Esoterik und ich – wir haben es miteinander versucht und sind grandios gescheitert. Ich gestehe unumwunden: Mir fehlt die nötige Bewusstseinsreife. Was auch immer ich mir reinpfeife, Sensorik und Intellekt scheitern spätestens an der Hirnschwelle – ich bin wohl 1fach zu dumm dafür. Einen letzten Versuch wagte ich Anfang Oktober, als ein in Darmstadt ansässiger und bundesweit agierender Verlag zu einer dreitägigen „Messe für Spiritualität und Bewusstsein“ in die Böllenfalltorhalle lud. Und fast hätten sie mich … aber nur fast.
„Mehr als 50 Aussteller und 120 kostenlose Vorträge sowie Mediationen und Konzerte“, versprach die Pressemappe. Die Vorträge umfassten Sternstunden der Esoterik wie „Lichtfeldheilung“, „Meditation mit Bibelölen für die Zirbeldrüse“, „Jenseitskontakte“ und „Himmlische Berührung mit Einhörnern“. Am ersten Tag fühlte ich mich mental noch nicht stark genug für die Messe, am zweiten auch nicht, am dritten … aber hilft ja nix: drei Bier stürzen, Nase schnäuzen und durch.
Bereits am Empfang: weiche Farben, warme Gerüche und sanftmütige Klänge.
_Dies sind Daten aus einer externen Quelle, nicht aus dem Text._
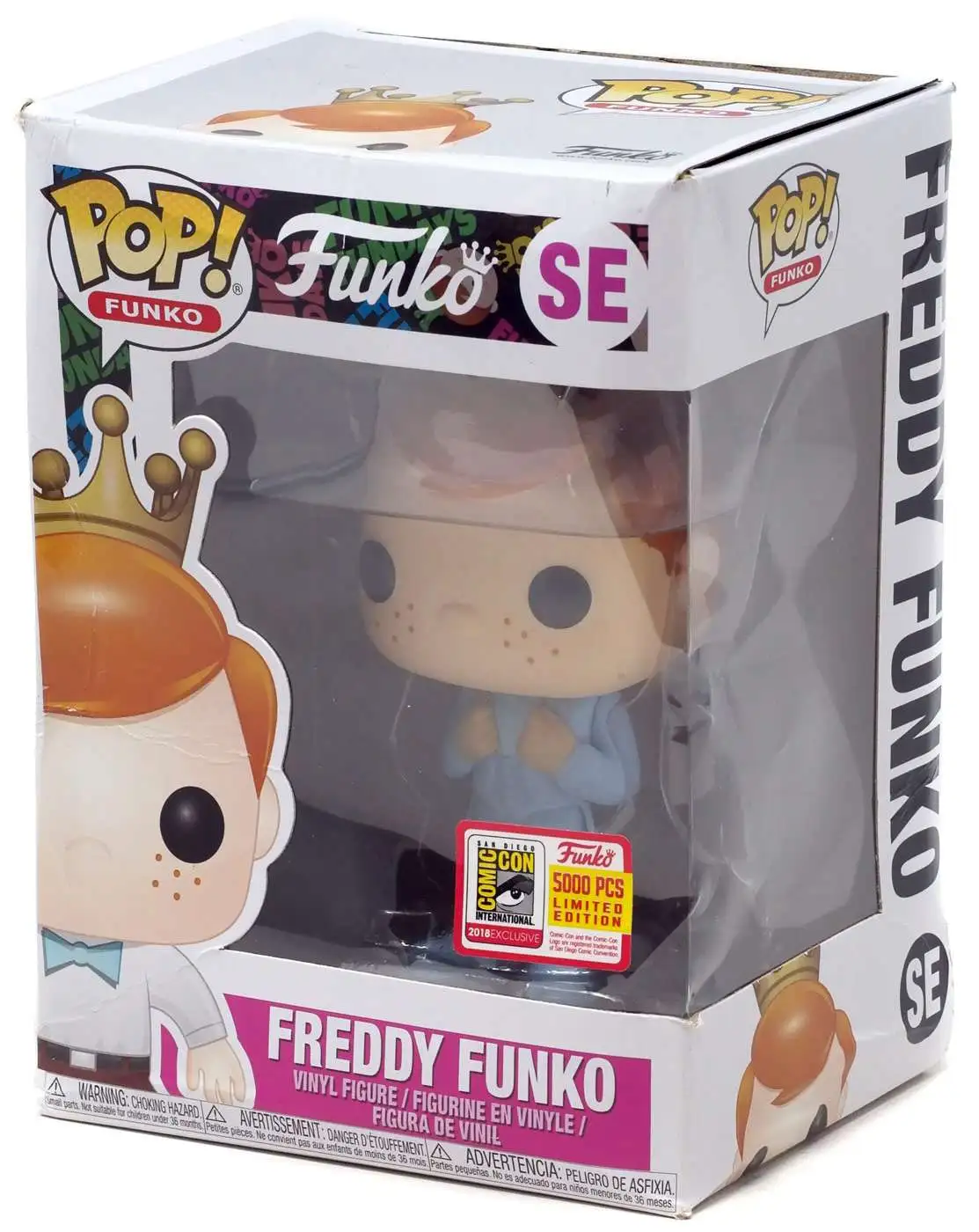 POP! Funko Freddy Funko Vinyl Figure SE [Blue Tux, Damaged Package]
Die Suggestionsspirale begann ihren Dienst. Meine Frage, ob es auch „Tantra-Sex“-Workshops gebe, wurde von der Dame am Einlass müde belächelt. Miserabler Einstieg. Ich musste auf der Hut sein, mir drohte die Enttarnung als Troll. Langsam und zunehmend benebelt wälzte ich mich von Stand zu Stand, die das übliche absurde Eso-Spektrum darboten: „Aura-Fotografie“, „Chakren-Analyse“, „Energie-Pyramiden und Heilsteine“, „Reise nach Atlantis“, blablabla. Sehr viele Messe-Aussteller mit Heilkräften versprachen durch Handauflegen ewiges Leben ohne Krankheit – die meisten litten selbst an Schnupfen, Akne oder Augen-Zucken. Meine Zweifel wurden genährt, aber mein Bewusstsein ging langsam flöten. Ein Mann mit Augen wie Rasputin fixierte meinen Blick und bot mir an, mich in eine andere Dimension zu channeln. Ich war bereit. Nur heftiger Harndrang verhinderte meinen Abflug.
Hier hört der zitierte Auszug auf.